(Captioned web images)
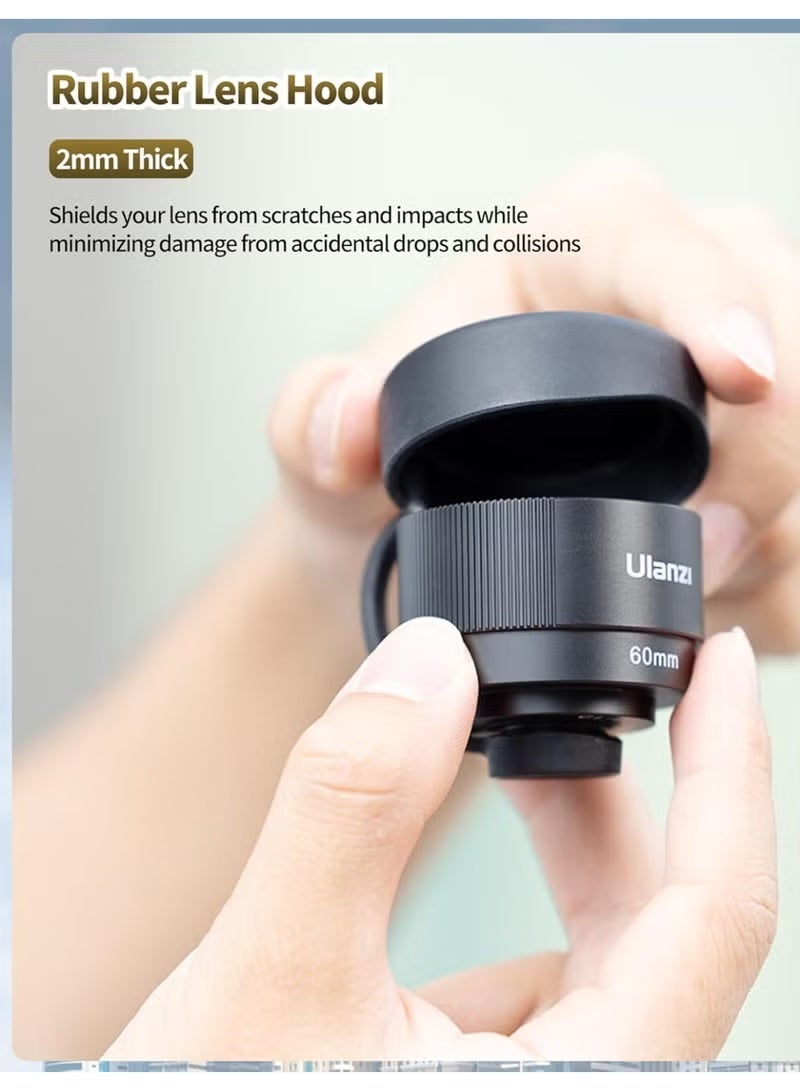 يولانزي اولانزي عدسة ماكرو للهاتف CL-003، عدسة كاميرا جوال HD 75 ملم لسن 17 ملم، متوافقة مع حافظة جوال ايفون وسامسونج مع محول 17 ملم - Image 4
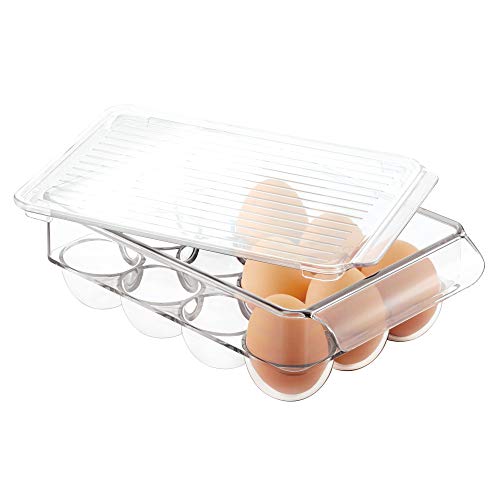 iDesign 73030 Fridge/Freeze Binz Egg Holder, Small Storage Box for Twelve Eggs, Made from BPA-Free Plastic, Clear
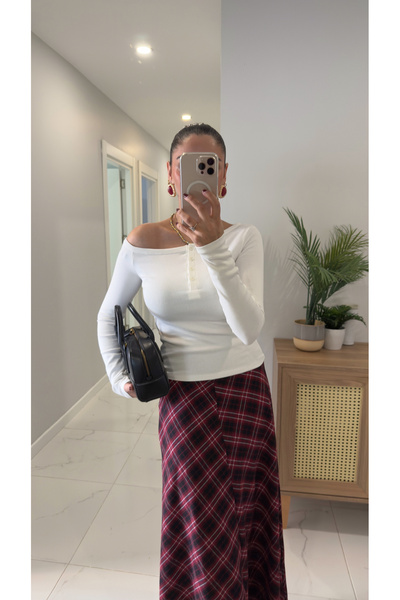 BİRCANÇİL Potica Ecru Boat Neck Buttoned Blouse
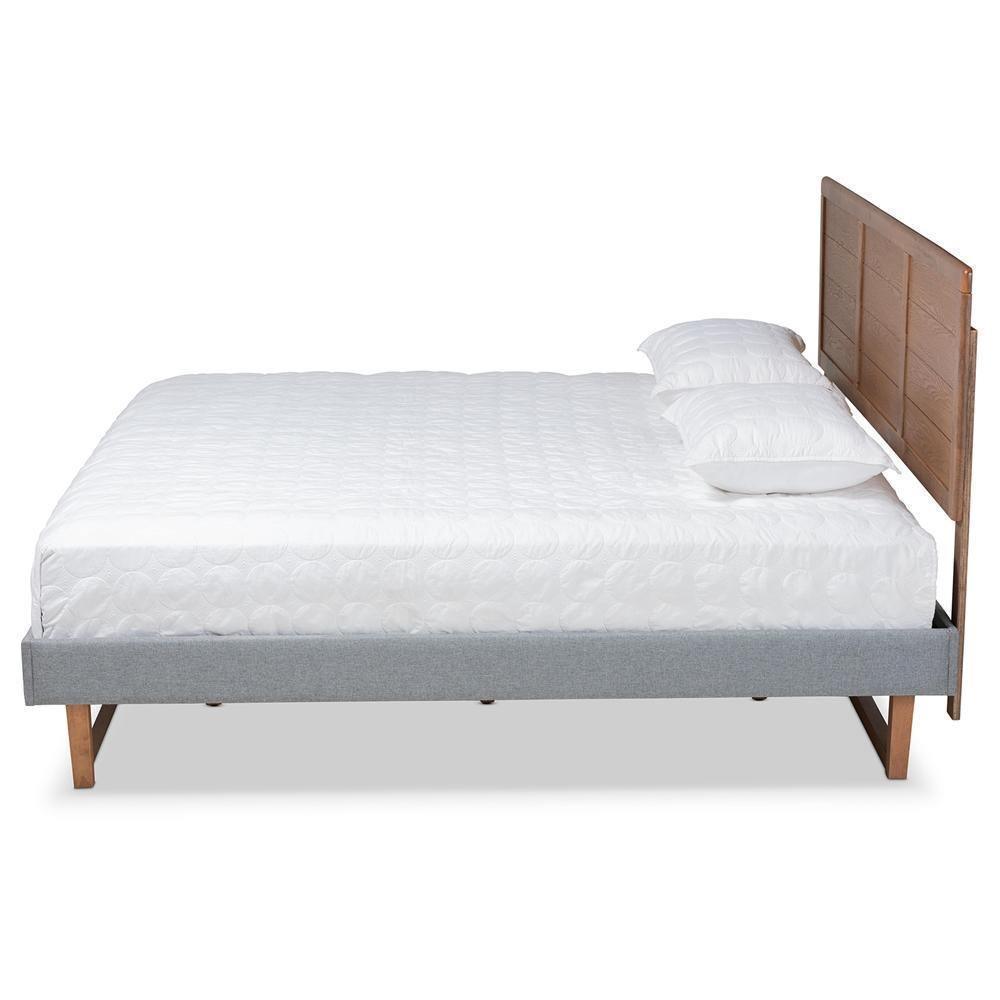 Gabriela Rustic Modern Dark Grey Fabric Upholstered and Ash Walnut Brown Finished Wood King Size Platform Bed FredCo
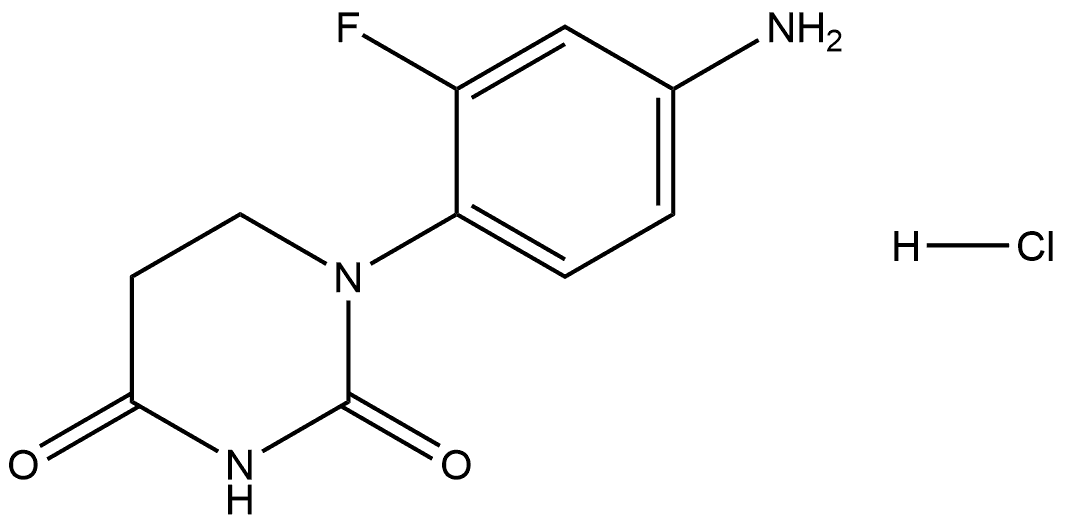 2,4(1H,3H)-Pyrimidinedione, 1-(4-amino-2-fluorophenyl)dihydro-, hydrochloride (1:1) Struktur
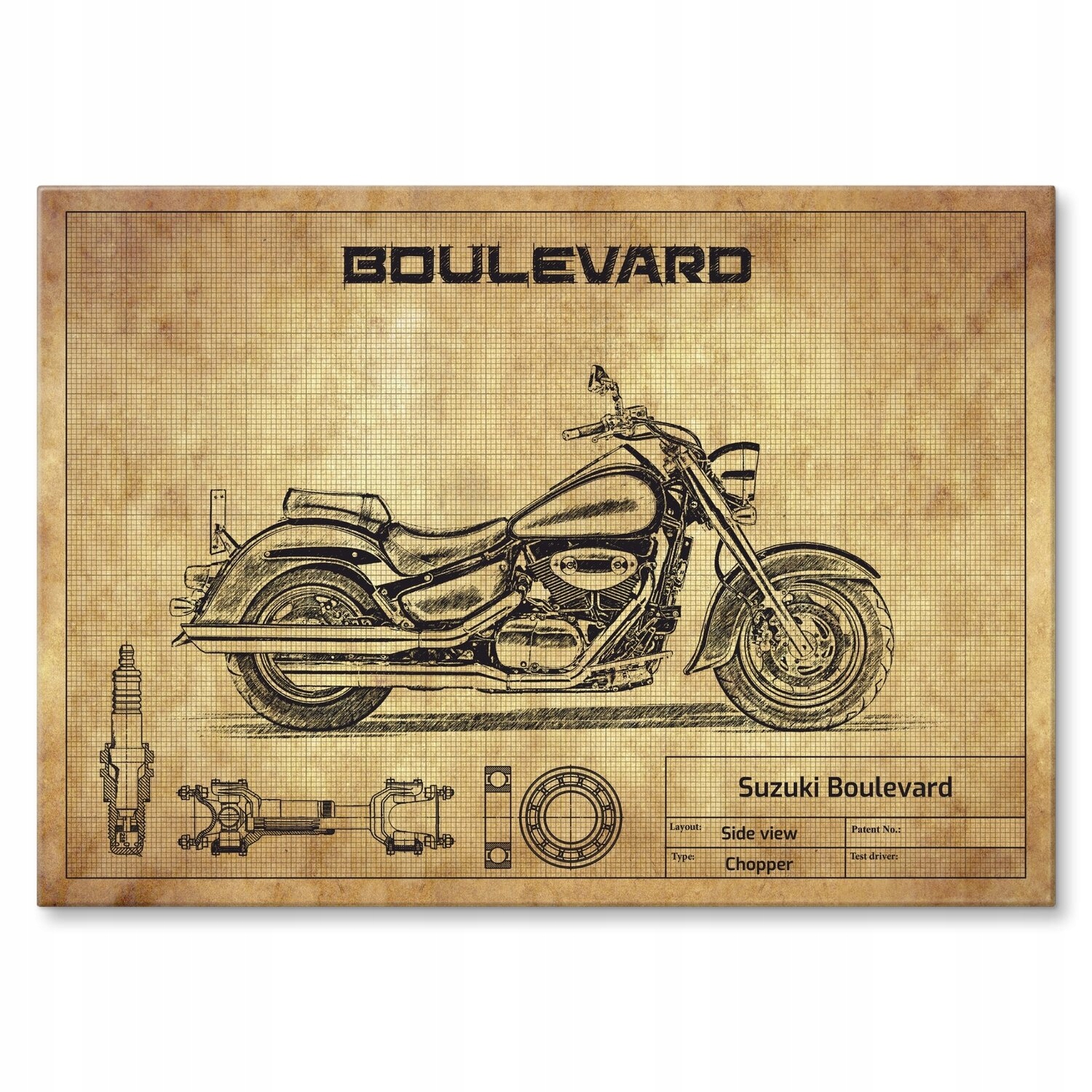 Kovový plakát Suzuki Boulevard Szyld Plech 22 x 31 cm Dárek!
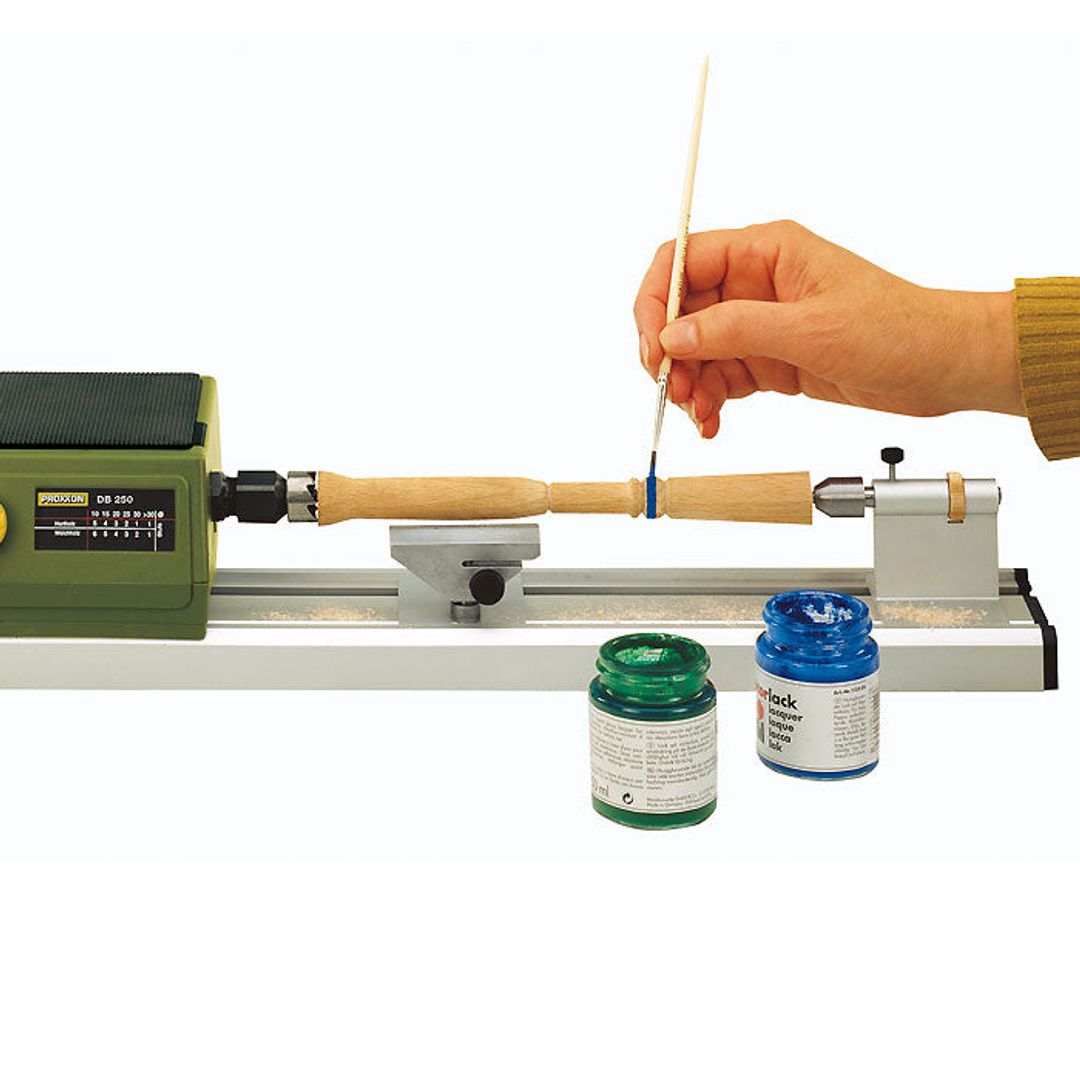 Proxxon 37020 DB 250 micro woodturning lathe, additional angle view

### [PROBLEM REQUIREMENTS]
Print out the entries once more, unchanged. No pictures.

### [WORKED SOLUTION]
 يولانزي اولانزي عدسة ماكرو للهاتف CL-003، عدسة كاميرا جوال HD 75 ملم لسن 17 ملم، متوافقة مع حافظة جوال ايفون وسامسونج مع محول 17 ملم - Image 4
 iDesign 73030 Fridge/Freeze Binz Egg Holder, Small Storage Box for Twelve Eggs, Made from BPA-Free Plastic, Clear
 BİRCANÇİL Potica Ecru Boat Neck Buttoned Blouse
 Gabriela Rustic Modern Dark Grey Fabric Upholstered and Ash Walnut Brown Finished Wood King Size Platform Bed FredCo
 2,4(1H,3H)-Pyrimidinedione, 1-(4-amino-2-fluorophenyl)dihydro-, hydrochloride (1:1) Struktur
 Kovový plakát Suzuki Boulevard Szyld Plech 22 x 31 cm Dárek!
 Proxxon 37020 DB 250 micro woodturning lathe, additional angle view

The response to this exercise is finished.